The experimental results don't look different than we expect according to the null hypothesis, but they are, perhaps because the effect isn't very big. For example: The rat pups weigh 17.9 grams and we conclude there is no effect. But "really" (if we only knew!) alcohol does reduce weight; we just don't have a big enough effect to see it.
A Type 2 Error is frequently due to sample sizes being too small. The probability of a type 2 error is symbolized by b and written as: P(type 2 error) = b (but is generally unknown).

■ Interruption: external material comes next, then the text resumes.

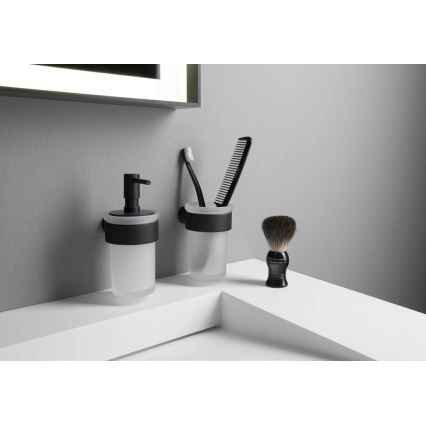 Gedy - Wall-mounted toothbrush holder PIRENEI milky glass/black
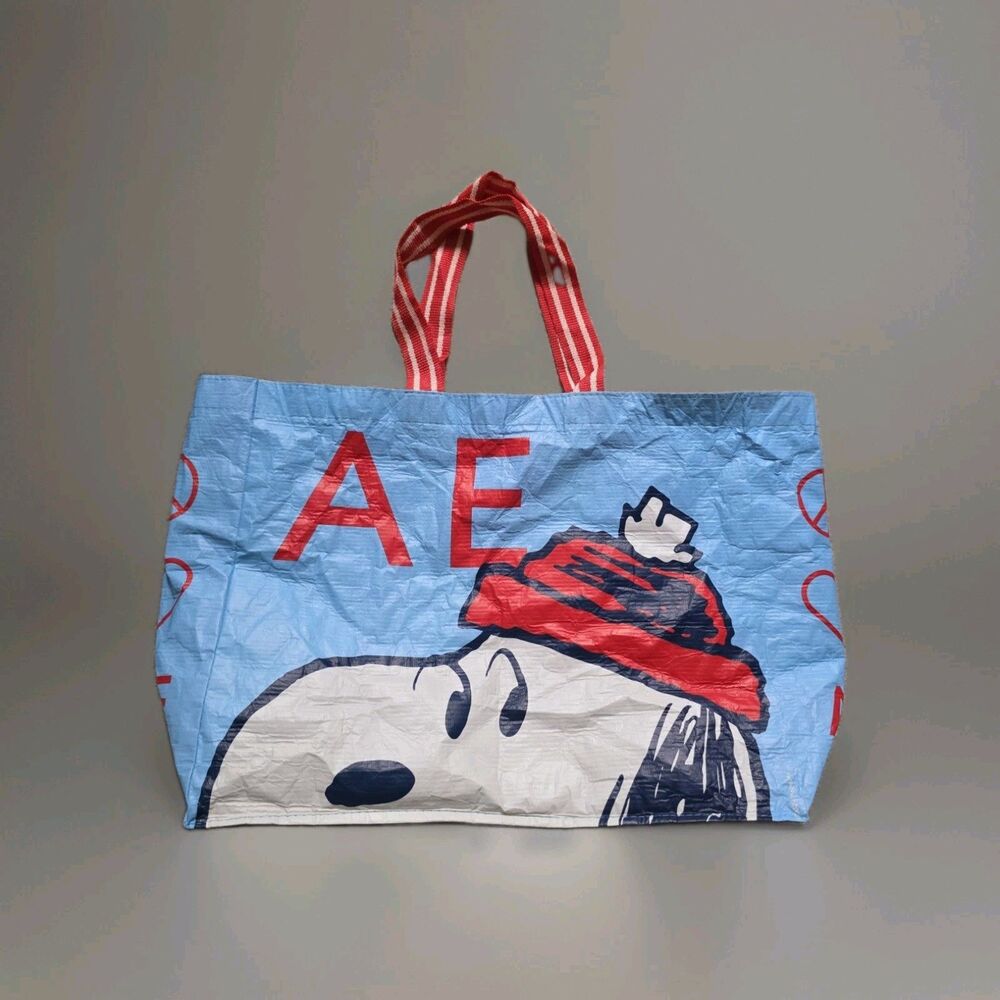 American Eagle Snoopy Peanuts Market Tote Bag Reusable 19.5X6X16 Large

The power of a statistical hypothesis test measures the test’s ability to reject the null hypothesis when it is actually false – that is, to make a correct decision. In other words, the power of a hypothesis test is the probability of not committing a Type 2 Error. It is calculated by subtracting the probability of type 2 error from 1, usually expressed as: Power = 1-P(type 2 error) = (1-b). The maximum power a test can have is 1 and the minimum is 0. Ideally we want a test to have high power, close to 1.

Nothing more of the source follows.